Accelerated Catalyst Discovery: The interplay between surface site stability and catalytic behavior

Τίτλος Παρουσίασης: Accelerated Catalyst Discovery: The interplay between surface site stability and catalytic behavior
Κατηγορία Συμβάντος: Πρόγραμμα Σεμιναρίων Τμήματος (Webinars)
Ονοματεπώνυμο Ομιλητή: Giannis Mpourmpakis
Προέλευση Ομιλητή (Affiliation): University of Pittsburgh Swanson School of Engineering
Αίθουσα: Βιβλιοθήκη "Αλκιβιάδης Χ. Παγιατάκης"
Ημερομηνία: Δευ, 04 Ιουλ 2022, Ώρα: 13:00 - 15:00
Διεύθυνση Διαδικτυακής Μετάδοσης: Meeting ID: 970 4209 0356, Passcode: 691087
Περίληψη

Metal nanoparticles find tremendous applications as catalysts in modern industry, facilitating the production of fuels and chemicals, while reducing the energy cost and environmental impact associated with chemical conversion processes. Despite the wide use of metal nanoparticles, their application as catalysts has heavily relied on trial-and-error experimentation in the lab. This lecture will demonstrate how computational research, blending first-principles calculations, multiscale modeling, and machine learning, can identify the active sites on a catalyst surface and accelerate catalyst discovery. Generalized models describing nanoparticle stability, adsorption, and catalytic behavior as a function of nanoparticle size, shape and metal composition will be presented effectively screening the tremendous materials space of bimetallic nanoparticles. Additionally, steps towards addressing complexity arising from reaction conditions will be introduced. Examples include changes on the surface site distribution of metal nanoparticles at elevated temperatures under thermochemical transformations, as well as the generation of active sites on ligand-protected nanoclusters in the presence of an applied potential, under electrocatalytic CO2 reduction conditions. Overall, this seminar will demonstrate a strong interplay between thermodynamic stability of active sites and catalytic activity, unlocking novel rational catalyst design methodologies to guide experimentation.

Αρχείο Περίληψης: seminar-patras-abstract-mpourmpakis.docx
Σύντομο Βιογραφικό Ομιλητή

Dr. Giannis Mpourmpakis is the Bicentennial Alumni Faculty Fellow, Associate Professor of Chemical Engineering at the University of Pittsburgh (USA) and a guest Professor in the Department of Physics at Chalmers University of Technology (Sweden).

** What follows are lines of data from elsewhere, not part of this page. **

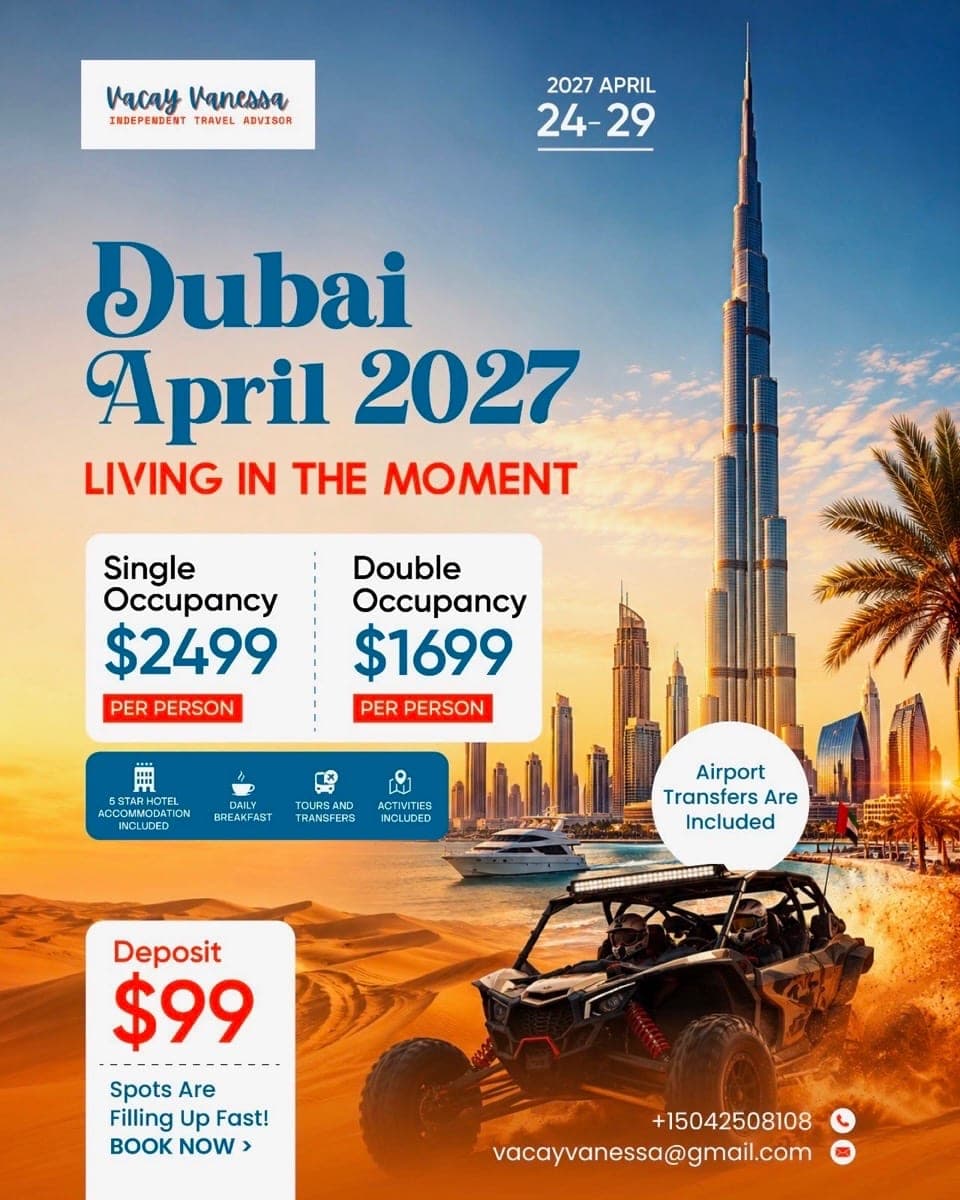 Dubai April 2027 group trip flyer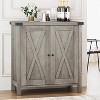 Farmhouse Sideboard Buffet Cabinet, Small Storage Cabinet with 2 Doors and Adjustable Shelves - 2 of 4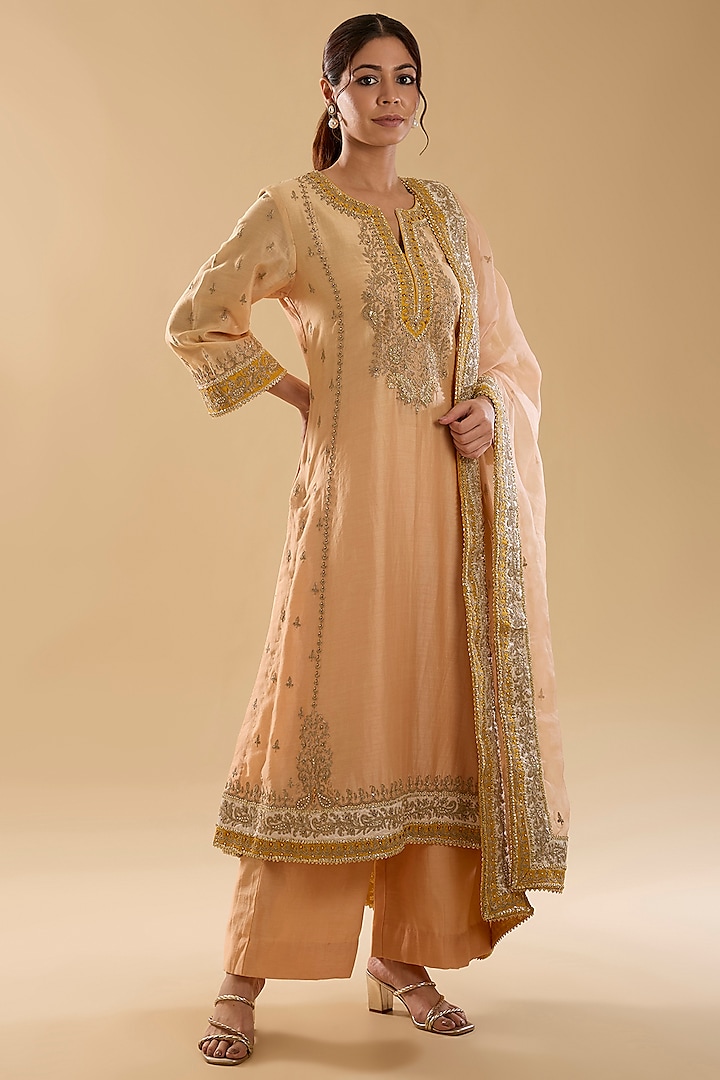 Rose Pink Silk Chanderi Kashmiri Tilla Embroidered Kurta Set by Sheetal Batra at Pernia's Pop Up Shop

He received his PhD from the Chemistry Department, at the University of Crete (Greece) and he was a Marie-Curie fellow and Senior Researcher in the Chemical Engineering Department, at the University of Delaware (USA). His research focuses on the first-principles-based multiscale modeling of nanomaterials for energy and environmental applications. He has published 120 peer-reviewed research articles. He has received several awards, such as the National Science Foundation CAREER award (2017) and the 2019 Bodossaki Foundation Distinguished Young Scientist Prize (biannual prize awarded to the best Greek scientist around the world bellow the age of 40). He has been highlighted as “Emerging Investigator” by the ACS Journal of Chemical & Engineering Data (2018), as an emerging scholar in “Futures” by the AIChE journal (2020) and in “Spotlights in Thermodynamics and Computational Molecular Science” for emerging leadership at the 2022 AIChE meeting. For his contributions to education, Prof. Mpourmpakis was awarded the 2016 James Pommersheim Award for Excellence in Teaching in Chemical Engineering by the University of Pittsburgh. He has served as the President of the Pittsburgh-Cleveland Catalysis Society, he has organized several scientific sessions at national and international meetings (AIChE, ACS, NACS, etc) and he currently serves in the advisory board of the RSC journal Environmental Science: Nano.